C’est alors qu’entre en scène un autre acteur, que “le fils du chef” aurait informé de ses tracas. Expert de la lutte antiterroriste -“un vrai pro”, dit de lui un vétéran de la scène bamakoise-, le lieutenant-colonel Cheick Oumar N’Diaye, alors patron de la division des recherches de la Sécurité d’Etat, met en garde l’illustre député contre le piège d’un chantage sans fin. “Ne rentre pas dans ce jeu-là, lui aurait-il intimé. Laisse-moi m’en occuper.” De fait, soutient Adama Dramé, il confie l’affaire à un adjudant de gendarmerie. Lequel aurait, avec son équipe, enlevé le journaliste, tour à tour enfermé dans une villa du quartier Sotuba ACI, à l’est de Bamako, puis transféré dans une prison discrète de la Sécurité d’Etat.

Un stagiaire qui vient de loin

On notera que, quelques mois après cet épisode, N’Diaye sera “promu” commandant de la légion de gendarmerie de Ségou, à 240 kilomètres au nord-est de Bamako, donc éloigné de la capitale.
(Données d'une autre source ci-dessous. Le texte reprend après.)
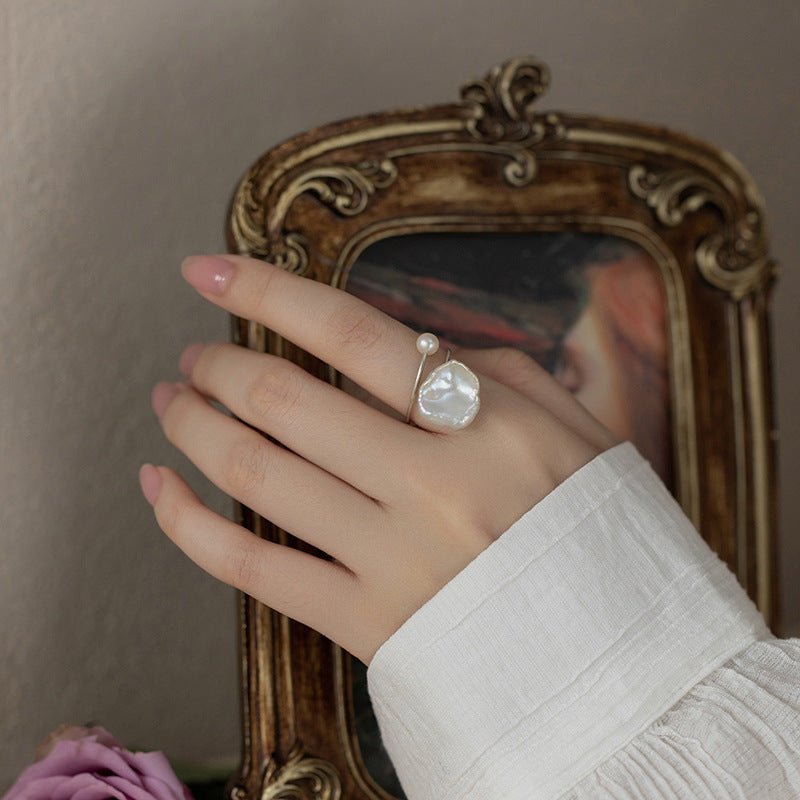 women-Ring-freshwater pearl-minimalist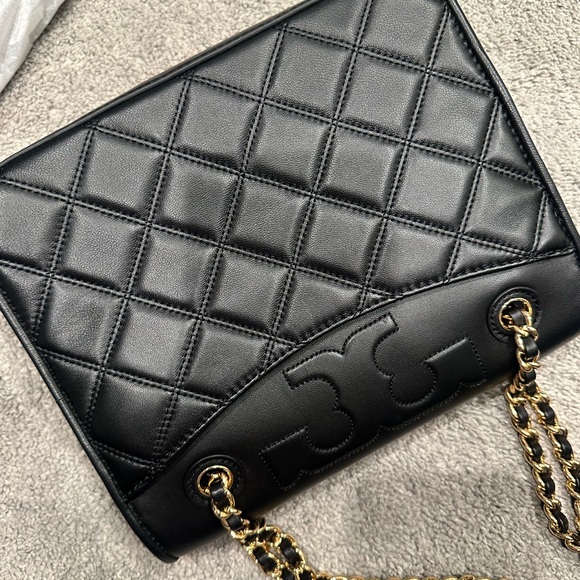 Tory Burch Black Quilted Shoulder Bag and Wallet - Picture 5 of 10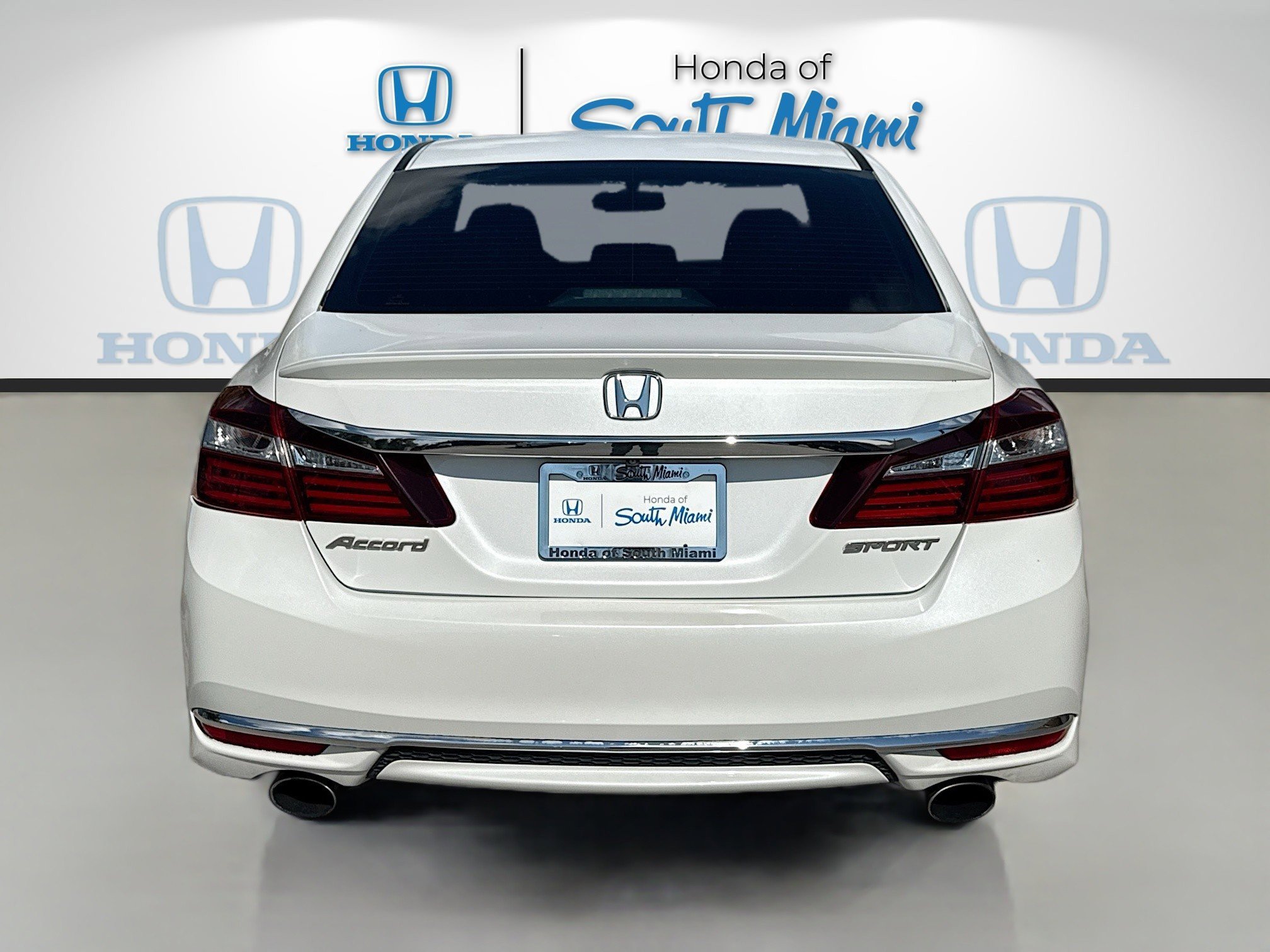 Used 2016 Honda Accord Sport image 6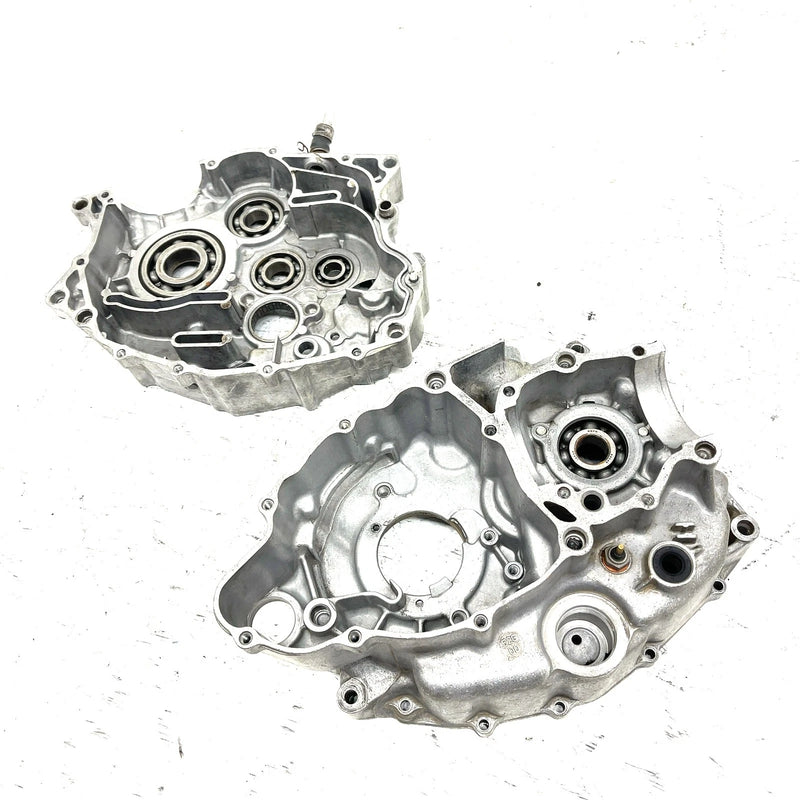 1994 Yamaha Timberwolf 250 YFB250 OEM Crankcase 4BD-15100-00-00 AY56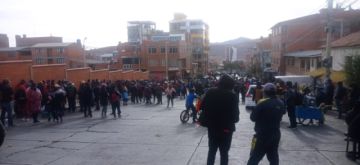 Hay grupos de campesinos en cercanías de la federación.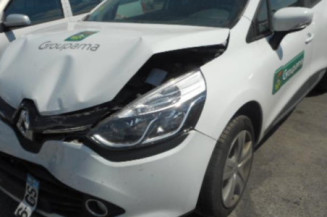 Fermeture de capot RENAULT CLIO 4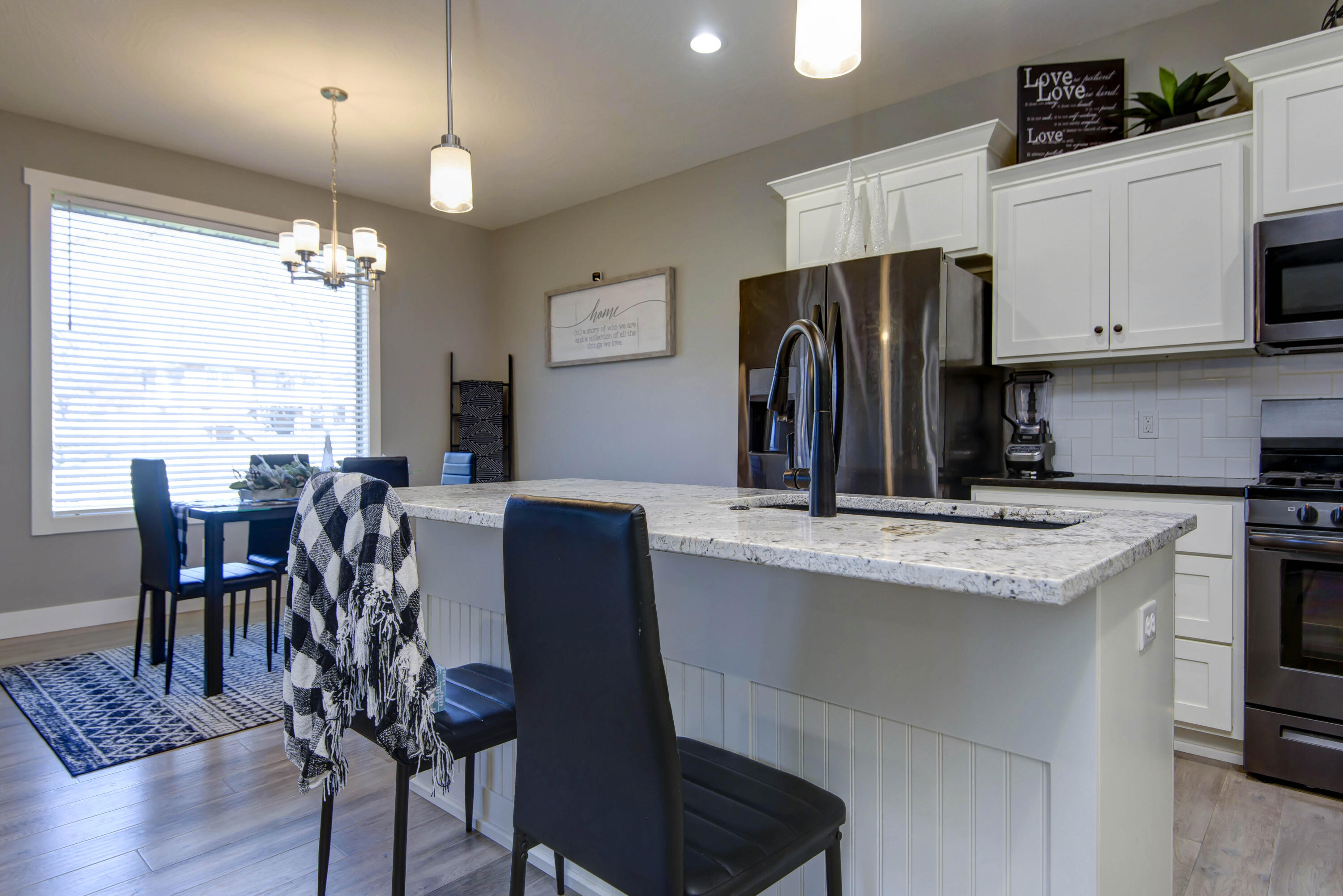 Spring Manor - Residential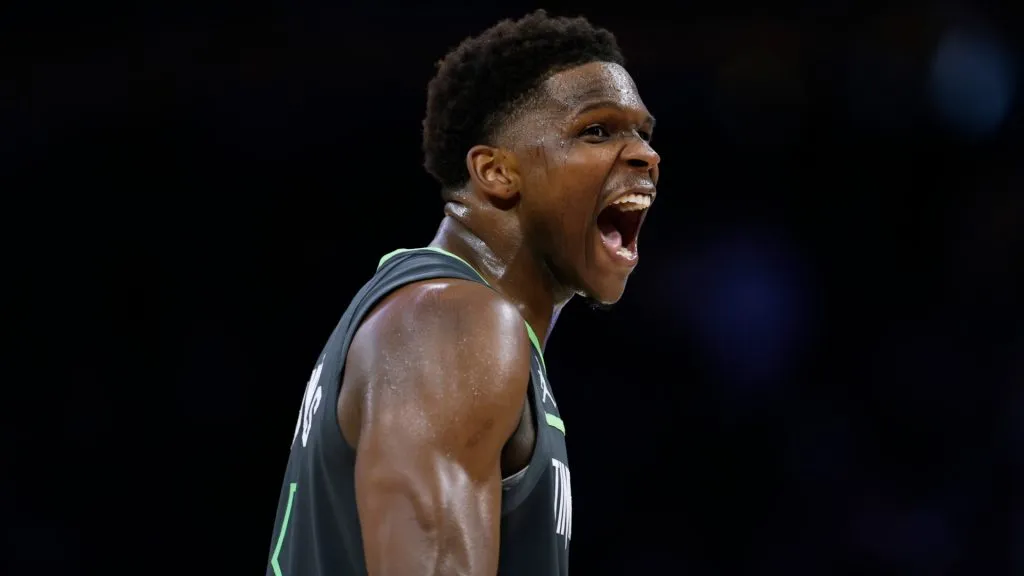 Anthony Edwards shouting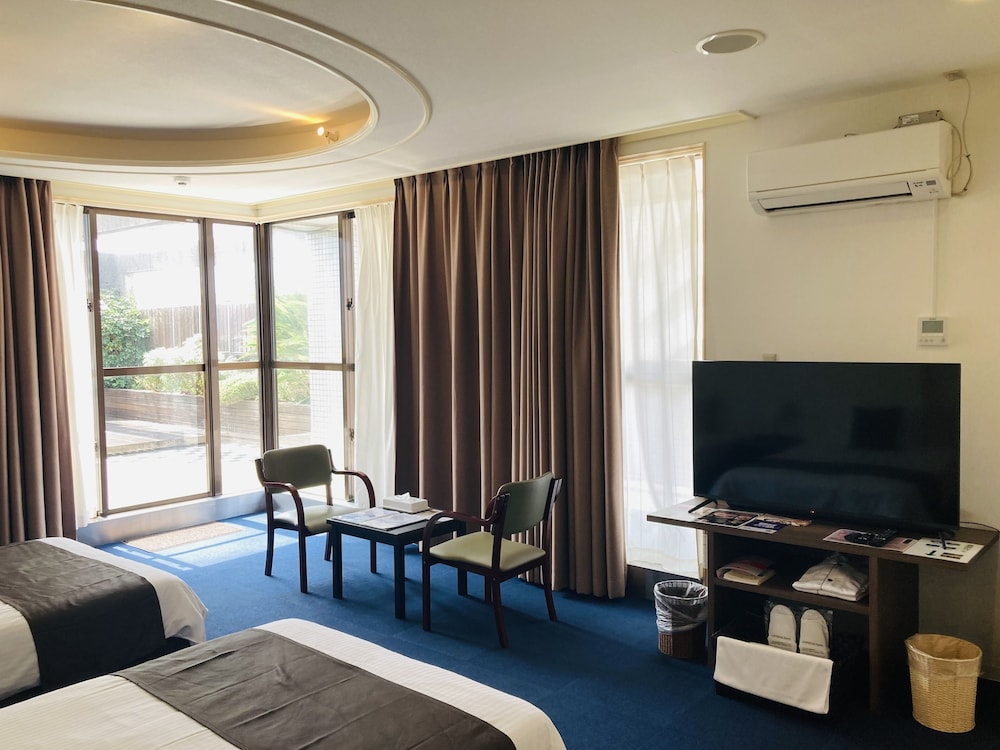 HOTEL PRECIA 那覇辻町 那覇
Détail insolite : avant même cette mutation, le lieutenant-colonel avait été envoyé en France, le temps d’y accomplir un stage à l’Ecole de guerre. En vertu d’un arrêté du ministre de la Défense en date du 21 novembre 2016, il figure, à la rubrique Gendarmerie, parmi les récipiendaires du “brevet d’études militaires supérieures attribué aux officiers étrangers de la 23e promotion”.

L’entourage du captif a identifié au moins trois de ses codétenus, militaires ou policiers, dont Alassane M., un capitaine ayant servi dans une unité parachutiste. A les en croire, Birama a été torturé à maintes reprises. “Notamment à l’électricité, au niveau de ses organes génitaux, précise Dramé. Ses geôliers voulaient savoir qui finance mon journal, qui se cache derrière tel ou tel pseudonyme.” Plus tard, le détenu aurait partagé la cellule d’anciens rebelles djihadistes.

Aux dires d’une source fiable, la publication, le 30 octobre 2017, dans les colonnes du bihebdomadaire Le Pays, d’un témoignage prêté au “para” précité, confirmant le séjour du reporter introuvable dans les locaux de la Sécurité d’Etat, ne manque pas d’enfiévrer les couloirs de la DGSE. Lors d’une réunion convoquée huit jours plus tard, une enquête interne aurait ainsi été confiée à un major colonel, conseiller technique au ministère de la Défense depuis décembre 2014.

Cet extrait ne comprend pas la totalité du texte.